On Monday, March 22, Maryland archaeologists found St. Mary’s fort. Maryland archaeologist, Travis Parno, was on vacation, taking a break from his research of the colonial fort at St. Mary’s. The colonial fort was discovered by archaeological geophysicist Tim Horsley by using the estimates of archaeologist Travis Parno. The St. Mary’s colonial site was constructed in Southern Maryland by white settlers in 1634, which makes it one of the earliest colonial sites in Maryland. The search for the colonial site has lasted for 90 years as many archaeologists have been searching for the fort since the 1930’s.
Horsley’s scans showed living spaces, several that may have been for Native Americans. The palisade was about 12 to 16 feet high. The settlement of St. Mary’s fort was later abandoned when the capital of Maryland was moved to Annapolis in the 1690’s. Since then, the site seemed to be untouched or undisturbed. The site was Maryland’s first capital and was home to the first statehouse. Parno stated it was a turning point for Maryland’s colonial history, “It also marked a massive moment of change for the native people in this region.” He goes on to say, “Archaeology in this area shows us people have been here for at least 10,000 years,” reported the Washington Post.
In 1990, experts found three remains in coffins near the same area. Maryland’s colonial governor, Philip Calvert, his first wife, Anne, and his 6-month-old son, were found in the three coffins.

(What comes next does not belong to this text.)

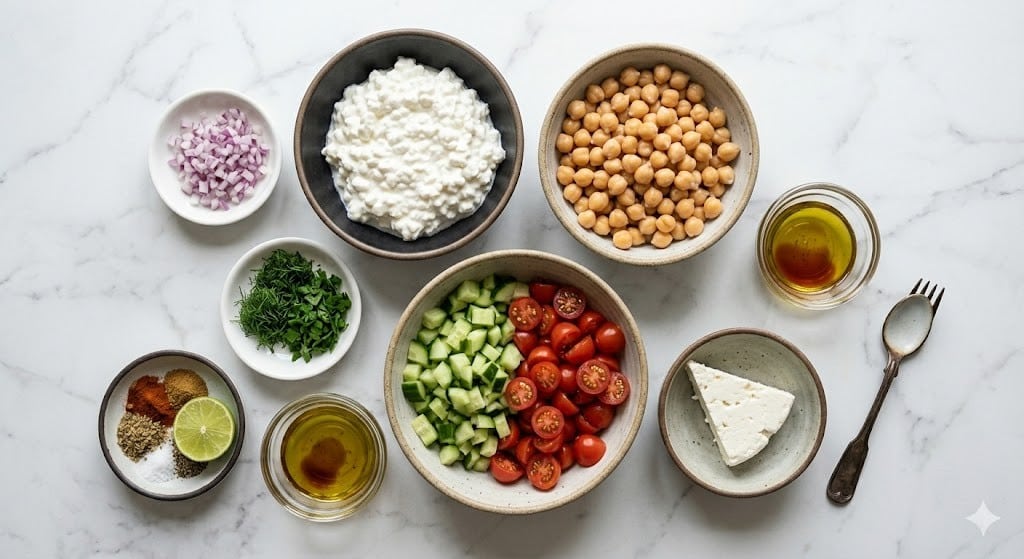 Cottage Cheese & Chickpea Salad Bowl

Jesuit priest, Father Andrew White wrote, “Sasquasahannockes … [who] come sometimes upon them, and wasted and spoil them and their country.” This may hint that the site was built on existing Native homes. The Yaocomaco were relatively close to the fort and its people. Parno was a bit surprised that the description of the fort did not match Calvert’s 1634 description.
The archaeologists were able to identify and find the outline of the first European settlement in 1634.